This illusion was fractured that night at dinner, when Gilbert, the older of Aldrich’s sons, took a wide and considering look at Lukas and Emil.

“Are you a witch too?” he asked Lukas, the very question Lukas had been dreading.

“Yes,” said Lukas quietly. “Mother is teaching me.”

“So you’ll be doing the chores then.”

It was not the development Lukas had hoped for, but he counted himself and Emil lucky that at least they weren’t going to be chased out of their own house.

Lukas secretly wondered why his mother, usually so calm and content with their lives, had chosen to marry. He learned her reason only a few months later, at her deathbed.

“I love you more than all the world,” she said, stroking his hair as he struggled to hold back tears. “You and Emil both. But the cottage _and_ your brother are too much to put on your shoulders.”

“But we won’t have—” _you_ , Lukas couldn’t quite choke out.

His mother smiled, less serenely with every day. “You’ll have each other. And your new father and brothers.” Slowly she planted a kiss on his forehead. “Take care of them, my Lukas. Like I always knew you would.”

Valka left her family overnight, leaving a hole in her sons’ lives to the point that Emil wept whenever Gilbert tried to take her seat at the table beside his father.

Aldrich and his sons were admittedly less sentimental.

Aldrich took Lukas aside once he’d set his brother to bed. “Your mother left us in trouble,” said Aldrich. “Her healing potions and spells were all the income we had available to us. There’s no work for me to be done in this forest.” He looked outside the window at the crops with a snort.

“So,” Aldrich continued, “you will replace your mother. She has taught you what she knows, I imagine.”

Lukas kept quiet.

“Has she?”

“Yes,” murmured Lukas. “Mostly. I know potions much better.”

“Pity, the crop spells brought in more money,” said Aldrich. “All the same, you will continue caring for the crops to hone your skills. In your spare time, you will make the same potions your mother did. We depend on you, Lukas,” said Aldrich, and for the first time he didn’t sound unkind to be saying it.

Lukas’s hope slowly grew. “Mother said I would be attending school soon,” he ventured. “I can already read and write, but she was hoping for me and Emil to make friends with the other children.”

Not that Lukas didn’t have friends already, he supposed. Around the time Emil was born, Lukas had been venturing in the forest and befriended a cheery young boy named Mathias who also lived in the woods. Lukas had had to stop visiting as Valka began courting and needed Lukas at home, but he’d promised Mathias to see him in school.

“Well now,” tisked Aldrich. Lukas’s hope sunk to his feet. “As Emil has shown no traces of magic, he may attend. _You_ , on the other hand…well, you will frankly taint my own sons in the eyes of the other children. You and your magic belong here. And you’ll be too busy, won’t you?” Aldrich raised an eyebrow. “A young wizard has a different place than more… _normal_ boys.”

And so, with dismay, Lukas’s indentured life began.

Lukas and Emil developed a daily routine. Every morning before sunrise, Lukas awoke and tended to the livestock: the few cows, chickens, and sheep they had. He took what was needed for breakfast and hastened to the kitchen to prepare breakfast. Aldrich, Gilbert, and Ludwig would only come when called: Gilbert would loudly and sloppily eat while Aldrich and Ludwig maintained their manners but watched Lukas stoically, as if daring him to sit among them.

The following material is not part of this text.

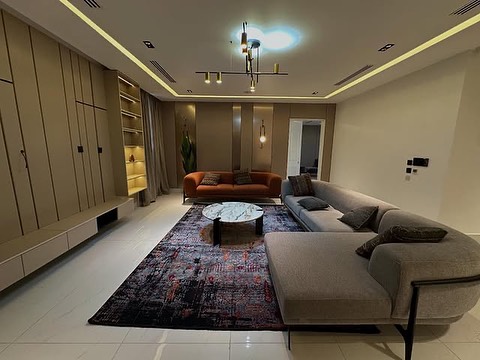 Lifecamp’s Smart 7-Bedroom Haven with Elevator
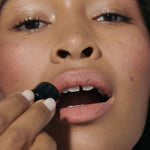 Lip to Cheek – Bild 2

Gilbert and Ludwig left for school, while Emil—not yet old enough to attend—would awaken and eat his own breakfast and Lukas would clean the dishes. At Emil’s request, Lukas would let him tend the garden while Lukas alternatively plowed, sowed, and harvested the fields depending on the season. Lukas frankly understood Emil’s reluctance to stay indoors; the only other person inside was Aldrich, who spent his time in correspondence with people Lukas didn’t dare to ask about but assumed were former business partners. He demanded absolute silence

In the afternoons, Aldrich would go to town—possibly for meetings, possibly for a drink, Lukas never asked and Aldrich never told—and Lukas and Emil would retreat to the shack alongside the proper house. Here, Lukas brewed potions to sell and, rather than telling Emil how to make them, made Emil read aloud to him from readers and spellbooks alike.

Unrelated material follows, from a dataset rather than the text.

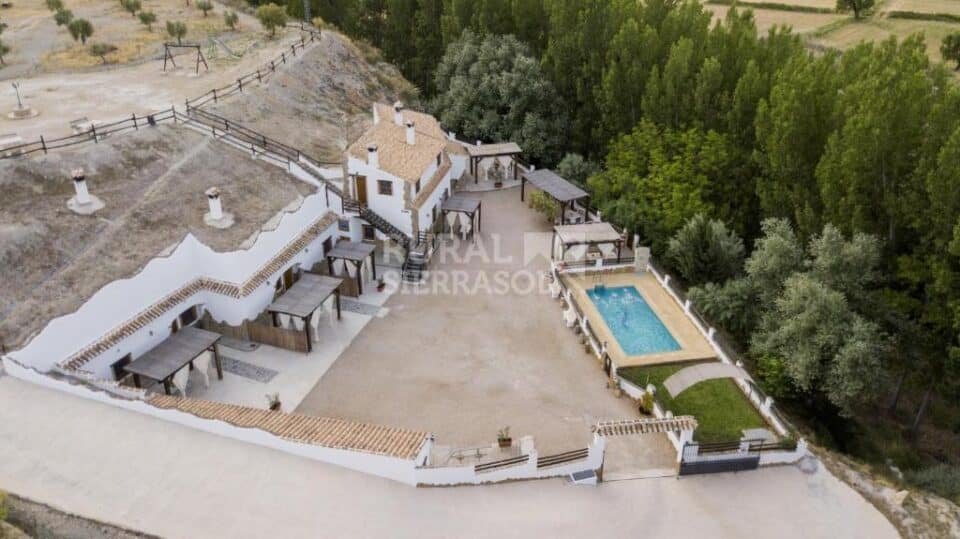 Espléndida Casa Cueva con barbacoa, piscina y wi-fi, en Castilléjar - Imagen 44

Emil was going to go to school, Lukas vowed. He was going to be the best of his class, because he would never be the most popular for the witches’ blood that ran through his veins, and he was going to find himself a life away from here.

In the evening Aldrich returned and Lukas left, carrying that day’s potions for sale. On all but the worst weather days, he let Emil come along. On the days it was too cold or raining too hard, Emil cried.

“Gilbert always wants to play games,” he would sniff.

“That’s not so bad,” Lukas would say, but deep down he knew that Gilbert was learning quickly to hate witches as much as the other children, and that any games Gilbert had in mind could very well involve Emil getting hurt. “And there’s always Ludwig.”

“Ludwig won’t speak to me,” Emil would return. And Lukas couldn’t argue. But he had to leave, and Emil had to get used to the silent judgment of their kind.

Lukas would return hours later, coins jingling in a bag he had to surrender to Aldrich every day for counting. Aldrich’s contribution was to keep the order records and the accounts in order. Lukas ended every day hanging his head in front of a man who should have been his father, hearing the laughter of boys who should have been brothers, while Emil waited a door away, half asleep but unable to drift off without a story of fairies or giants or heroes.

Emil’s favorite stories were of the noble prince Mathias, who slayed giants and ogres alike to defend a noble kingdom of fair folk and magic-wielders alike. The real Mathias was probably no more than a hazy memory to him, a shock of blond hair and a wide smile that Emil lost as easily as his toddler’s waddle.

But when Emil had drifted to sleep, Lukas’s exhausted eyes stayed open only a few seconds more, to remember the one person outside his family who had learned what he was and smiled.

* * *

 

Years passed. Lukas grew, shorter and leaner than he would have liked, but such was the price of leaving the best portions to Emil. Emil was twelve years old against Lukas’s eighteen, and due to start school. Gilbert, already finished with school for a year, had found a trade but had not left the house.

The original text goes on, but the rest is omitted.